There is nothing random or innocent about this scheme. It is intentional, pursued and applied without discretion, sympathy or pity. Because the lawsuit is filed without prior notice, warning or complaint, it is called ambush, drive-by, no-notice litigation. Because the same team of exploiters use a highly automated process to file essentially the same lawsuit against hundreds of businesses, it is also called a "cookie-cutter" lawsuit. They all look alike. The only difference is the name of the defendant, the name of the business (or strip center), and the address. With only those variables being different, these serial suers have filed as many as twenty-one lawsuits in a single day. This "M.O." is well known and highly refined.

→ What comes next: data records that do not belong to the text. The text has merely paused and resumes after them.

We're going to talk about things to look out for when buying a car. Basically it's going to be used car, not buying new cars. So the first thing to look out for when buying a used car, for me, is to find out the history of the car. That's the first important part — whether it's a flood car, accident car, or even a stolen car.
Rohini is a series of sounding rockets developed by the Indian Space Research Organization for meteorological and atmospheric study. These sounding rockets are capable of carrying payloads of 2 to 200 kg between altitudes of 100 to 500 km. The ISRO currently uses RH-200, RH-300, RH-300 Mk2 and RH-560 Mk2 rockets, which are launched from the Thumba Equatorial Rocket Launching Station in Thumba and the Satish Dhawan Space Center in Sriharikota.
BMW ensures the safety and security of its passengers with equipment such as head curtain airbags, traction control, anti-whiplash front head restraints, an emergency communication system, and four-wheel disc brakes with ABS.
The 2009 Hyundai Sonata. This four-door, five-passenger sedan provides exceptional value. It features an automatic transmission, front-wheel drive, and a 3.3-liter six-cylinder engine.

And it is perfectly legal. Although the local legal community and the judiciary highly disapprove of this form of manufactured litigation for profit, the law allows it. And the only thing of value is the fees and costs that are part of most every settlement, (unless the business goes out of business during the litigation). That is the profit motive. Pure greed and avarice, without compunction.

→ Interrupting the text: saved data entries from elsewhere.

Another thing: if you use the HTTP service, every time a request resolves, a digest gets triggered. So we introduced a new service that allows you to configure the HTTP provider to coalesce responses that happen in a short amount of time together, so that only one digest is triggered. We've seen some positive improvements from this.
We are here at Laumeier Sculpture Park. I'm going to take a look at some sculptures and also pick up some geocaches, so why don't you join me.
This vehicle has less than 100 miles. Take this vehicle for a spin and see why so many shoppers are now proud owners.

This is not a scheme isolated to Tampa Bay. It is national in scope. And the ignorance of the business owner is no defense. Nor is any contract between a landlord and a tenant allocating responsibility. There is no "grandfathering" of prior nonconforming violations. If the property is not accessible according to the ADA Accessibility Guidelines and Florida Law, the owner can be sued. The usual settlement is in the range of $3,500 to $6,500 to the Plaintiff, plus the defendant owner has to pay his own lawyer. Paying one lawyer is bad enough, but paying two lawyers and two expert witnesses, (the Plaintiff's and the Defendant's to counter the Plaintiff's), renders the litigation even more expensive.

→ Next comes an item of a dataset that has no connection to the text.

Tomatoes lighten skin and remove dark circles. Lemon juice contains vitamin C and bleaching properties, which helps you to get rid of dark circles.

But, there is a remedy, if a business owner hasn't been bitten already and forced to conform to the law (or put out of business). The only way to acquire arguable immunity is to beat the plaintiff to the punch. Some form of remediation must be undertaken before the lawsuit is filed. The at-risk business must: (1) hire an architect, licensed contractor or ADA-specific building inspector to survey the property and issue a report as to the present on-site violations; (2) develop a remediation plan from that survey which notes deficiencies, the removal of which is "readily achievable"; (3) implement the remediation plan, even if it is in stages and will take many months to complete. The existence of the remediation and implementation of the plan will present a very real defense to the lawsuit, and that has been recognized by the federal courts in the Middle District of Florida.
Title III of the ADA has proved to be a Golden Goose to those lawyers and their hired guns who have no qualms about suing an innocent business owner who has no intention of discriminating against the disabled. After the lawsuit is filed is too late to get religion. Any changes compelled by the lawsuit are translated into compensation for the plaintiff's lawyer and his expert. The Goose is still spitting out golden eggs, but along with the recession and a fairly dicey economy, those eggs are getting smaller and smaller. But the predators and exploiters will take what they can get. The money is still too good to walk away from.
So, business beware. Protect yourself and your livelihood. Protective measures are far, far cheaper than being a defendant in a federal lawsuit.